Creepshow Was George Romero's Chance To Pay Homage To His Childhood
It's not shocking that "Creepshow" is arguably the golden standard of horror anthologies, considering that it crawled out of the minds of horror legends George A. Romero and Stephen King. The duo found that they had a shared love of the EC Comics line of horror stories from the early 1950s that the two grew up reading. These consisted of "Tales from the Crypt," which was adapted into a television show in 1989, as well as "The Vault of Horror" and "The Haunt of Fear."

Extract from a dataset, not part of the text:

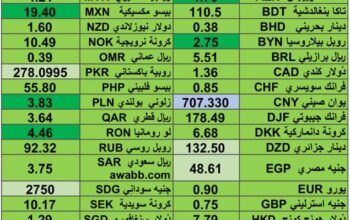 كشف يومي حول اسعار العملات الدولية 2024/9/23 Daily report currency exchange rates to USD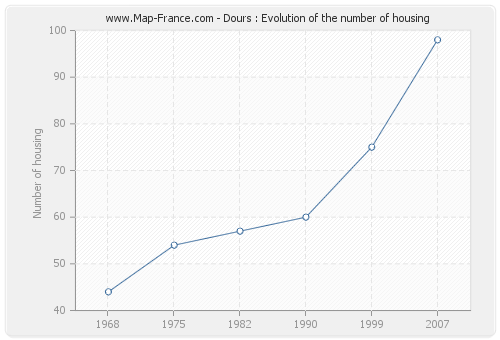 Dours : Evolution of the number of housing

To Romero, King, and every other horror geek who read EC, the introduction of the Comics Code Authority (CCA) in 1954 signaled a tragic blow for American comic books. Born out of Senate hearings centered around youth crime, the CCA directly targeted horror material, although it also impacted EC's science-fiction, crime, and war comics. Any material depicting "scenes of horror," "gory or gruesome crimes," or "lurid, unsavory gruesome illustrations," as well as subjects like the "walking dead," "vampires," ghouls," and "werewolfism," failed to pass CCA muster. Distributors often chose to avoid stocking their shelves with publications that violated these regulations, permanently damaging EC's market. Alas, the comedic "Mad" magazine was the only survivor amongst these casualties. "Creepshow," however, resurrected EC's horror comics as if conjuring a zombie from the grave.
Ghoulish glee
In the tradition of EC Comics, "Creepshow" was all about nasty, terrible people paying nastily and terribly for their behavior. People often murdered their relatives for inheritance money, their spouses out of jealousy, or anybody else out of greed, anger, and general selfishness, while their victims returned from the dead to enact revenge as rotting corpses. Grifters, conmen, and thieves met grisly demises, often in ways so symbolic of their crimes that it was blackly humorous. The comedic angle of the horror lent a fun, campy feel to these stories, which is what inspired the tone of "Creepshow," as Romero explained to Electric Sheep:
"I always thought the bad guys got their comeuppance, good basically triumphed over evil, even though the Crypt Keeper [the "host" of these stories] always was there to chuckle, and there's that dark humor ... It's funny, the humor was an important part of those comics. Even though it's so hard to convince people today that humour is the flipside of the same coin as horror –- they don't like to mix it."
The director points out the irony inherent in the CCA disapproving the original EC horror comics. One of the original rules of the code was ensuring that "In every instance, good shall triumph over evil and the criminal punished for his misdeeds." Indeed, there's no punishment greater than the macabre just desserts found within the pages of EC Comics and throughout "Creepshow."